Polska, jako silny sojusznik Kijowa, znajduje się na celowniku rosyjskiego wywiadu od początku wojny w Ukrainie. Zdaniem specjalistów jego działania można bez przerwy obserwować w używanych na co dzień przez Polaków portalach i aplikacjach.
– Uważam, że wielu Polaków w moim przedziale wiekowym – 30-40 lat – nie docenia potencjału propagandowego, jaki ma TikTok – mówił Mateusz Broncel z WarNewsPL cytowany przez Belsat, dodając, że „jest on kolosalny”.
Polacy pod wpływem rosyjskiej propagandy. Agenci z Moskwy wkroczyli na TikToka
Analityk zauważa, że za pośrednictwem TikToka rosyjskie służby specjalne rozpowszechniają informacje propagandowe, a także starają się wywołać emocjonalną reakcję, chcąc w ten sposób kontrolować nastroje w polskim społeczeństwie. Jak zauważa, jednocześnie pod propagandowymi filmikami często wyłączane są komentarze, by uniemożliwić wyrażanie krytyki.
– I mogę z całą pewnością powiedzieć, że to właśnie TikTok, w którym profile tworzone w Rosji błyskawicznie rozprzestrzeniają dezinformację, jest w dużej mierze odpowiedzialny za kształtowanie antyukraińskich nastrojów w Polsce – mówił Broncel.
Według eksperta rosyjski wywiad obecny jest we wszystkich popularnych w Polsce sieciach społecznościowych, w tam na X, Facebooku, Instagramie, YouTube i TikToku. Jego zdaniem działają one „agresywnie i na dużą skalę”, a polskie służby nie są w stanie nad tym zapanować.
Tak Rosjanie chcą wywrzeć nacisk na Polaków. Wysyłają jasny komunikat
Rosyjska propaganda skupia się w polskim internecie na konkretnym komunikacie, nawołującym do zaprzestania pomocy Ukrainie. Co gorsza, zdaniem analityka Rosjanie odnoszą na tym polu częściowy sukces, co widać po nastrojach panujących wśród internautów.
– Często jest mi wstyd za Polaków, gdy widzę komentarze na Twitterze, Facebooku czy TikToku atakujące Ukraińców, którzy są w moim kraju legalnie, pracują, płacą podatki, zasymilowali się – podkreśla Broncel.
Rosyjska propaganda przybiera różne formy.
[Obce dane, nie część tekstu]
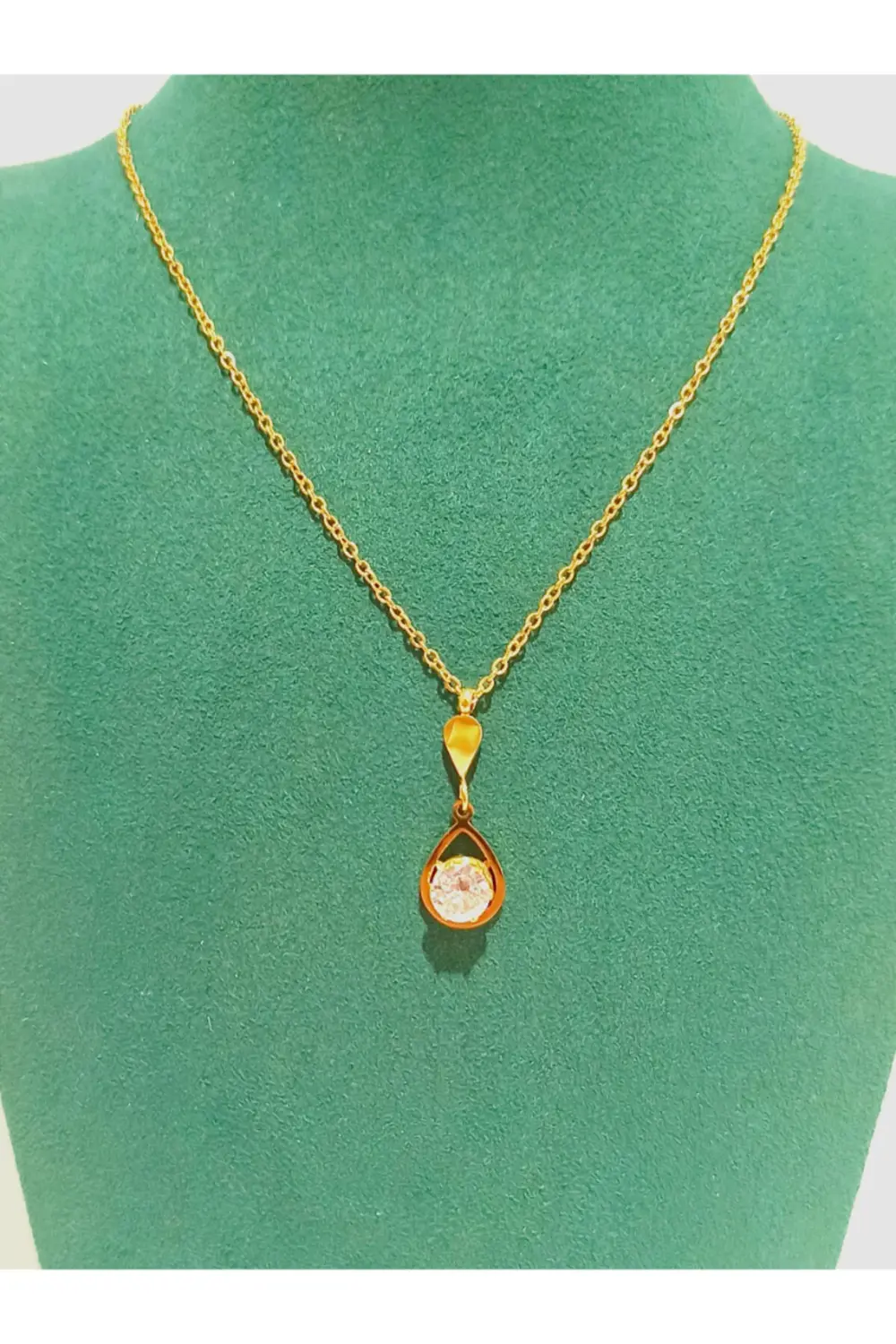 Gold Renk Lüks Figürlü Gösterişli Kolye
Jak wylicza ekspert, w polskim internecie można łatwo natknąć się m.in. na treści ocieplające wizerunek Władimira Putina, ukazujące szczęśliwe życie w Rosji, przybliżające rosyjską kulturę i podkreślające związki między Polakami a Rosjanami.
Ukraina-Rosja. Moskwa chce pozbawić Kijów sojusznika. Wykorzystuje Polaków
Bronel przypomina, że wszystko to ma jeden cel: żeby młodzi ludzie, którzy siedzą na TikToku, nie myśleli i nie pamiętali o zbrodniach, które Rosjanie popełniali w Gruzji, w Ukrainie czy nawet przeciwko rosyjskim opozycjonistom.
Nie ma konkretnej recepty na powstrzymanie tego rodzaju działań. Eksperci zalecają jednak internautom staranne weryfikowanie oglądanych treści, sprawdzanie faktów i ostrożność w ocenie podsuwanych przez algorytmy wiadomości, zwłaszcza tych dotyczących kwestii wrażliwych.